Notation: We will choose all vectors to be column vectors, and symbols denoting vectors or matrices will be written in bold.

The Jacobian is defined for a vector function of multiple variables. Consider a function F(X), where X is an n-element vector and F(X) is an m-element vector. We can write it as

   / / x1 \ \   / f1(x1, ..., xn) \
   | | x2 | |   | f2(x1, ..., xn) |
  F| | .  | | = | .               |
   | | .  | |   | .               |
   | | .  | |   \ fm(x1, ..., xn) /
   \ \ xn / /
Here we have explicitly written the m-dimensional vector function F as a vector of m real-valued functions, one to provide each component of the vector. We have also split the input vector X into its n components.

Formally, the Jacobian is defined as an m by n matrix such that

          ∂fi
    Jij = ---
          ∂xj

The Jacobian can be though of as a vector and multi-variable extension of the derivative of a real-valued function of a single variable. For example, given an arbitrary real-valued function f(x), we might know the value of the function at one point x = a and want to determine the value of f at other points very close to a (a is constant):

    f(a + Δx) = f(a) + Δf
Single-variable calculus tells us that
   Δf   df
   -- ≈ --
   Δx   dx
for a small change Δx, which means that
           df
   Δf ≈ Δx --
           dx
That means that
 
                         df |
   f(a + Δx) ≈ f(a) + Δx -- |
                         dx | x = a
Now imagine a different function f(x, y); this is a function of two variables. We are interested in the value of f near (x, y) = (a, b). If y is held constant while x varies, then f is really just a function of a single variable x, so that as before
 
                               ∂f |
   f(a + Δx, b) ≈ f(a, b) + Δx -- |
                               ∂x | (x, y) = (a, b)
and
       |              ∂f |
    Δf |         ≈ Δx -- |
       | Δy = 0       ∂x | (x, y) = (a, b)
exactly as before. (I wrote ∂f instead of df to indicate that all derivatives are now partial derivatives, which are what you need when you deal with a function of multiple variables. A partial derivative is obtained by differentiating a function of multiple variables by a single variable, while treating all the other variables as constants.)
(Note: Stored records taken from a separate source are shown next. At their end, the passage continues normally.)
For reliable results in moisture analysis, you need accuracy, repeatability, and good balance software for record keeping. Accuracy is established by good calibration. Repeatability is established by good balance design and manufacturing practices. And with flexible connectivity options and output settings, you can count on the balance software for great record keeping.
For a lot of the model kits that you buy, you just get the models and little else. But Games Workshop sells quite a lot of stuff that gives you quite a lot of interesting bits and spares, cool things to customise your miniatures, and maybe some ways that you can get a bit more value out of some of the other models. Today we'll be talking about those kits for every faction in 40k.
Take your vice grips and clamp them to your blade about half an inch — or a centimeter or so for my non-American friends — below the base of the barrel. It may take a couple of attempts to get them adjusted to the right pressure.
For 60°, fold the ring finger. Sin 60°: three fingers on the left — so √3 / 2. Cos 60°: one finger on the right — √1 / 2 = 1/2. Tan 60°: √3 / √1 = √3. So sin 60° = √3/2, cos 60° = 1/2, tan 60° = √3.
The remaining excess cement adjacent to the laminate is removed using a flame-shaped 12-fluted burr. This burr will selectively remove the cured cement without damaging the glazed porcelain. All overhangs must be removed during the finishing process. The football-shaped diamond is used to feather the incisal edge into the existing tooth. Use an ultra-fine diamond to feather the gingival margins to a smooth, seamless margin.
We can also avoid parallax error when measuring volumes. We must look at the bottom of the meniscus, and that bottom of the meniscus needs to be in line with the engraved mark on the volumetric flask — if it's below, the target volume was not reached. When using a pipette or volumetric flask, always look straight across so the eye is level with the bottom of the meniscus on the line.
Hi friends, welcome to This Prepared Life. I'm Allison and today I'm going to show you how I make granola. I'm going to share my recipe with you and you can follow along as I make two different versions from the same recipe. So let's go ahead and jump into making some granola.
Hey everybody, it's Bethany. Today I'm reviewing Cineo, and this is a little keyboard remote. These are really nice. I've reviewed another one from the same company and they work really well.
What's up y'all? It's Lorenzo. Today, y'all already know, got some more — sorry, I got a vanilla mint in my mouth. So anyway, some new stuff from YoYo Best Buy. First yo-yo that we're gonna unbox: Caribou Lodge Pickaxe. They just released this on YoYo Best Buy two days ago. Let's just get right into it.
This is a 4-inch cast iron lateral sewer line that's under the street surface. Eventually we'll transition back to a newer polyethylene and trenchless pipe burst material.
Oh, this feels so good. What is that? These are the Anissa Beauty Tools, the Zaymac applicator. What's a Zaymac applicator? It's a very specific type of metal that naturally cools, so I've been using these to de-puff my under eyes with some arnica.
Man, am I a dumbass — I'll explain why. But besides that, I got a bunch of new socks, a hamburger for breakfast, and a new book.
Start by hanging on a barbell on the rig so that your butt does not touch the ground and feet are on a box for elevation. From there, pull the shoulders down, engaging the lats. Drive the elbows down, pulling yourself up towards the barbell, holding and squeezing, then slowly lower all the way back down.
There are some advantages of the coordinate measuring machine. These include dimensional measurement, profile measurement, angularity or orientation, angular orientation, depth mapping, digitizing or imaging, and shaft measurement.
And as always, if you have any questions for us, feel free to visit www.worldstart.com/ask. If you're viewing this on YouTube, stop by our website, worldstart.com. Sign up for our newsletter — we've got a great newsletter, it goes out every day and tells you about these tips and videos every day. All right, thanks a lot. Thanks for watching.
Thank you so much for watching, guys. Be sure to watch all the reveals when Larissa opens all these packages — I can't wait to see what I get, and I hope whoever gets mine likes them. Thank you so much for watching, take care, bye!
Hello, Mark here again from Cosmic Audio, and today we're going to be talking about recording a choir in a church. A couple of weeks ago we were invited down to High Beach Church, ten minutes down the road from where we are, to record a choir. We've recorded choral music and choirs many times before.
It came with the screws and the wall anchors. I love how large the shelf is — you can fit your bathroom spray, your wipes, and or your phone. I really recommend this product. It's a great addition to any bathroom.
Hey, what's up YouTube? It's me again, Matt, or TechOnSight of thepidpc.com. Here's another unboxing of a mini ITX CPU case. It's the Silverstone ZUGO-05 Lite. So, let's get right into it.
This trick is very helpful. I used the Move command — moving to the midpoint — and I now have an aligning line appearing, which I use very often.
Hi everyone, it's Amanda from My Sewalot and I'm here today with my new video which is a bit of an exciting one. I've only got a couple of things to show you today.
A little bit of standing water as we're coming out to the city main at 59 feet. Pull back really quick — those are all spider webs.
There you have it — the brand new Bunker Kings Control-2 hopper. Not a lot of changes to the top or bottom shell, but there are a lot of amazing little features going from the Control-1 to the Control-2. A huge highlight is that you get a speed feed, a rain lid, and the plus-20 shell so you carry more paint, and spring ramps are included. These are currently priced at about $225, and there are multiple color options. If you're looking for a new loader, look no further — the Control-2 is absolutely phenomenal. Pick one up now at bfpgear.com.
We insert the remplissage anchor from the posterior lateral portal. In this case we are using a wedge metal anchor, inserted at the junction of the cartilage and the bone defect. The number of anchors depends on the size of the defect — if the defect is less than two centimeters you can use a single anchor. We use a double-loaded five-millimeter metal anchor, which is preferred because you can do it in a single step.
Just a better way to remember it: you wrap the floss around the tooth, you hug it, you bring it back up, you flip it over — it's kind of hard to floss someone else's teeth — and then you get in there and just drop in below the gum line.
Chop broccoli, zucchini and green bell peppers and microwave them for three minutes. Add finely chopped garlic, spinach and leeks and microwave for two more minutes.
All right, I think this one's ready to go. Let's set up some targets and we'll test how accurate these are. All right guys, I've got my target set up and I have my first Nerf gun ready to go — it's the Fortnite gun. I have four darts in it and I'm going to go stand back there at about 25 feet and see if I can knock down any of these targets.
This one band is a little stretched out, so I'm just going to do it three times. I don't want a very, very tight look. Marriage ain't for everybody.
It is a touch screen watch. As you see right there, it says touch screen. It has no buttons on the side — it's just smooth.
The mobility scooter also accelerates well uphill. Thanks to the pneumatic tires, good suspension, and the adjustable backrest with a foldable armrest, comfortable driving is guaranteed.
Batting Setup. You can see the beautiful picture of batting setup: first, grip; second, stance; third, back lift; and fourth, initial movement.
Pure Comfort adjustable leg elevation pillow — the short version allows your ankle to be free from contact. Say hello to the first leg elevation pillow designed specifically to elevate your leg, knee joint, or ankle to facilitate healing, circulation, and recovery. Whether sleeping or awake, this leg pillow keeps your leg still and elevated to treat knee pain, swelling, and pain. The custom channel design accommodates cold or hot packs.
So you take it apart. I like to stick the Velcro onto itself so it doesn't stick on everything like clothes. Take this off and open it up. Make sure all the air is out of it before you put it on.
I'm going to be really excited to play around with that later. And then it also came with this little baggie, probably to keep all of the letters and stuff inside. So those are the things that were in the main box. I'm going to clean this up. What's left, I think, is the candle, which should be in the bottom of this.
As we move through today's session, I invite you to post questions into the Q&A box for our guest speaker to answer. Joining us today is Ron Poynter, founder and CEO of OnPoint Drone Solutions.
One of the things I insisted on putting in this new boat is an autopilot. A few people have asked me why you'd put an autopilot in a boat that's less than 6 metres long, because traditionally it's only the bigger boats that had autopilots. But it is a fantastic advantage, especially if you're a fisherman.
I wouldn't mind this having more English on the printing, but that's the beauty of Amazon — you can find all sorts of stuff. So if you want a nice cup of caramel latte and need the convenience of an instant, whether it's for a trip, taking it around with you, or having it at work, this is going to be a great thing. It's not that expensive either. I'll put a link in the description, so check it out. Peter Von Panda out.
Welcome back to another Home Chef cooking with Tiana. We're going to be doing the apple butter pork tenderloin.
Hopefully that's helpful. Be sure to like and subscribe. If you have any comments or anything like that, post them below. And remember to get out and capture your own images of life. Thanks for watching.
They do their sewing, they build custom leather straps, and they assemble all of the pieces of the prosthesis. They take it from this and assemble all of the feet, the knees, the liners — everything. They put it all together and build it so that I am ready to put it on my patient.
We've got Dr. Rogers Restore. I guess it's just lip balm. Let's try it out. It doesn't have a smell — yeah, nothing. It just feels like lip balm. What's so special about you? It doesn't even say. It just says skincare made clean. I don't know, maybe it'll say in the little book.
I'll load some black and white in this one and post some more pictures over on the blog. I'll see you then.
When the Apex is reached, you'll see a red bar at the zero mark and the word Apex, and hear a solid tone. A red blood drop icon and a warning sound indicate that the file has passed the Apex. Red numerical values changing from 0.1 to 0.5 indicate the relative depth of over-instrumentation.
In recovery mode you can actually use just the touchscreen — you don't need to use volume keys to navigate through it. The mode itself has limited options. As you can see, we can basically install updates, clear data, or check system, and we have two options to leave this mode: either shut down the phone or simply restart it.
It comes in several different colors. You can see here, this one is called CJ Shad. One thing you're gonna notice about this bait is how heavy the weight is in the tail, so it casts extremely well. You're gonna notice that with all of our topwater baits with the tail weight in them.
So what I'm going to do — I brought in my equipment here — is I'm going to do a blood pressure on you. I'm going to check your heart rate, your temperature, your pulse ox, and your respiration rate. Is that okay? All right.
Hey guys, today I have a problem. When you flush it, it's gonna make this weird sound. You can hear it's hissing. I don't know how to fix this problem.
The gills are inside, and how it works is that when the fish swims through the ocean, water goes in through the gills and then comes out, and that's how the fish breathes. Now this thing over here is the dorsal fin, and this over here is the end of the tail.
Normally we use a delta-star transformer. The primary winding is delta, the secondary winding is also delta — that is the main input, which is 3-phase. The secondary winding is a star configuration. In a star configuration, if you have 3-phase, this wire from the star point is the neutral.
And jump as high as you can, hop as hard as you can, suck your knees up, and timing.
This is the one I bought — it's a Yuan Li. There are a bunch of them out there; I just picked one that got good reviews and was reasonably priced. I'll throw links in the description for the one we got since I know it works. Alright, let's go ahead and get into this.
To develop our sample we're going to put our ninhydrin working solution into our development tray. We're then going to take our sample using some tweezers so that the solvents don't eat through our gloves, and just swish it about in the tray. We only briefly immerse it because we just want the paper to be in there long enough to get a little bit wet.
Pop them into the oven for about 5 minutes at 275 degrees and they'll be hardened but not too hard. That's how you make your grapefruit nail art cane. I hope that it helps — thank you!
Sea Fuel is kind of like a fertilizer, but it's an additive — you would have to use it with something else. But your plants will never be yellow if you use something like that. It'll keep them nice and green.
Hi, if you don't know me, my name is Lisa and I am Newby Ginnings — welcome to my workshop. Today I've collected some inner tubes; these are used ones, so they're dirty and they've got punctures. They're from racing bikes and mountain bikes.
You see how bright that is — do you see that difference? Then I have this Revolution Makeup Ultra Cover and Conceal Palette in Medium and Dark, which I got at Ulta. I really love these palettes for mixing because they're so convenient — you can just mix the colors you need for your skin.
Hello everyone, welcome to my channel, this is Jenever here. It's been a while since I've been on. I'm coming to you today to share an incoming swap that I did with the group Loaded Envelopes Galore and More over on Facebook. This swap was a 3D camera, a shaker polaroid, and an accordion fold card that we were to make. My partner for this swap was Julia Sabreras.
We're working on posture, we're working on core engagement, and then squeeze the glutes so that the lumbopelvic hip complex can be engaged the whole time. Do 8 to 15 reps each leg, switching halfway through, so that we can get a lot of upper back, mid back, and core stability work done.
Similarly, if x is held constant while y varies then

 
       |              ∂f |
    Δf |         ≈ Δy -- |
       | Δx = 0       ∂y | (x, y) = (a, b)
So if we change x, holding y constant, and then we change y, holding x constant (or if we do it the other way around), then as long as the changes were small enough that the partial derivative stayed roughly constant we can write the total change in f as
         /    ∂f      ∂f  \ |
    Δf ≈ | Δx -- + Δy --  | |
         \    ∂x      ∂y  / | (x, y) = (a, b)
This can be extended to a function of arbitrarily many variables. But what does any of this have to do with the Jacobian? Consider our function f. From the definition above, the Jacobian will be a 1x2 matrix, which is almost degenerate but will do for the sake of example. Then
        / ∂f   ∂f \
    J = | --   -- |
        \ ∂x   ∂y /
So that we can use vector notation for everything let
          / Δx \
     ΔX = |    |
          \ Δy /
which is 2x1, and let ΔF = [ Δf ], which is 1x1 (like I said, almost degenerate). Then
           / ∂f   ∂f \ / Δx \       ∂f      ∂f
    J ΔX = | --   -- | |    |  = Δx -- + Δy -- ≈ ΔF
           \ ∂x   ∂y / \ Δy /       ∂x      ∂y
So that means that
    ΔFJ ΔX
which is the equivalent of the single-variable relation
        df
   Δf ≈ -- Δx
        dx
with the Jacobian standing in for the single-variable derivative. The simplest possible multi-variable case was shown here, but this generalizes to a vector of functions f1, f2, ..., fm of a vector of variables x1, x2, ..., xn.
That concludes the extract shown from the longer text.